Data Centre (Representational)

When Microsoft lowered a shipping container-sized data centre to the bottom of the Scottish seabed in 2015, it looked like a glimpse of computing’s future. A decade later, the project is dead – abandoned due to a lack of customer interest, with Microsoft confirming it no longer operates any underwater facilities.

Now, as Elon Musk sets his sights even higher, industry experts fear SpaceX may be heading toward the same dead end, with the price of failure may be higher.

Musk’s bet for Space data centre and what happened with Microsoft

SpaceX filed for an IPO on Wednesday with Musk declaring that the proceeds will fuel launching up to one million data-centre satellites into orbit, creating a vast AI computing network in space that bypasses the power and water constraints of Earth-based facilities.Between 2015 and 2022, Microsoft pursued Project Natick, an experimental effort to host data centres on the ocean floor, cooled naturally by seawater and powered by offshore wind and tidal energy.

But it was shelved. Citing two sources with direct knowledge of the project, a report by news agency Reuters said that underwater data centres were ultimately abandoned due to economics and a simple lack of client demand.

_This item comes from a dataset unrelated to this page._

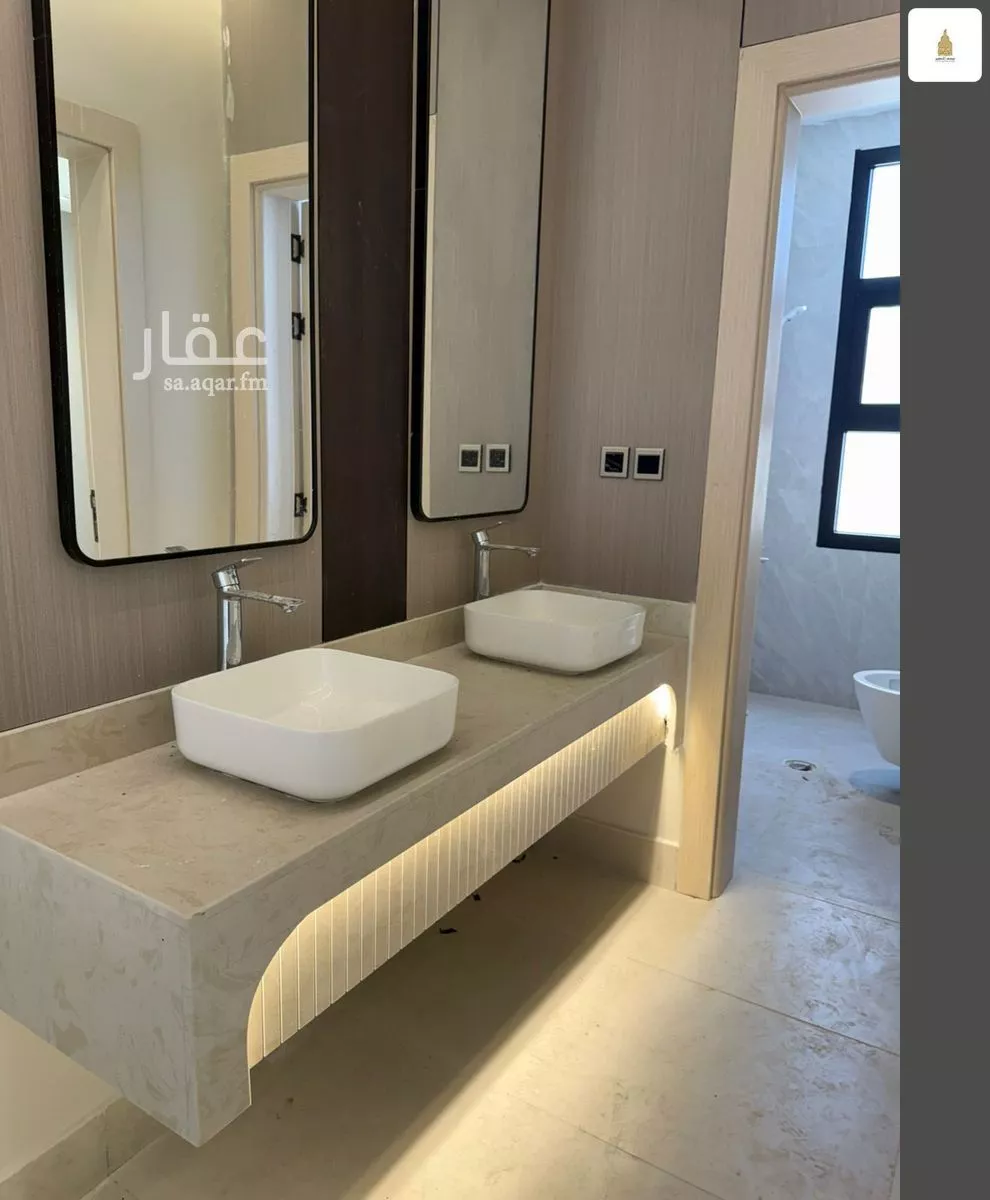 فيلا 6 غرف في الأمواج 9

This means that while the technology worked, customers showed no interest in scaling it. Microsoft, for its part, said it would continue using Project Natick as a research platform.

Why experts say Space may be worse than underwater

Five data centre specialists told Reuters that Microsoft’s experience can be a direct warning for SpaceX.

Both projects rely on sealed, modular units that are expensive to deploy and cannot be easily expanded, repaired or upgraded. “These problems are likely to be more severe in space than under the sea,” Roy Chua, founder of industry research firm AvidThink, was quoted as saying. Apart from challenges around cooling data centres in the vacuum of space, the expert also pointed out the enormous cost of rocket launches. To hit Musk’s targets, SpaceX may have to complete 3,000 Starship launches per year, which is roughly eight every single day.

Jensen Huang’s take: Stay on the ground

Perhaps the most pointed scepticism has come from Jensen Huang, CEO of Nvidia, the company that sells chips that power virtually all of the world’s leading AI systems. Speaking on the All-In podcast in February, Huang said the economics of space-based AI data centres simply do not add up right now.“We should definitely work on the ground first because we’re already here,” Huang said, describing orbital AI infrastructure as a long-term engineering challenge rather than anything close to a near-term solution.